If your password is unique, strong and is not compromised, there is no benefit in swapping it out for a new one. You can check the strength of your password here.

Regular password changes can cause more harm than good due to the limits of our human capacity to create and remember the long list of passwords that we need to use on a regular basis. Cutting corners with weak password practices puts your accounts at greater risk because they are easier for hackers to crack. And it is just as dangerous to keep detailed written lists of usernames and passwords on paper or in easy-to-access files that can be physically stolen.

This is why password managers were developed – to keep accounts properly secure, while helping us manage and remember the passwords we need. For example, Lastpass creates a strong, unique password for each of your accounts, and then securely conceals and encodes the data (instead of storing it – which would be as bad as keeping a written list in your notebook!).
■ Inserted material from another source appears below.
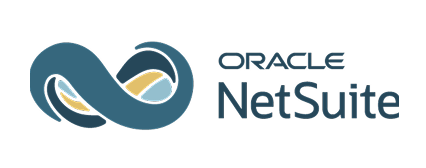 Oracle NetSuite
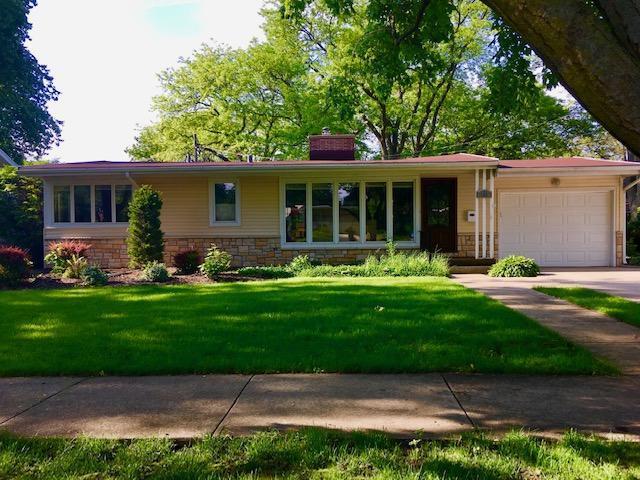 438 Drury Lane - Photo 1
All you need to do is remember one password – your Master Password – so you can be confident that your accounts are safe.

Here is where to proceed with caution about changing your password. You should change your password if:

  • You have not verified that your Master Password is strong and unique enough to protect your account (test your password here);
  • You have shared your Master Password with someone you no longer trust; or
  • You have been generally careless with leaving your Master Password accessible to others unsupervised.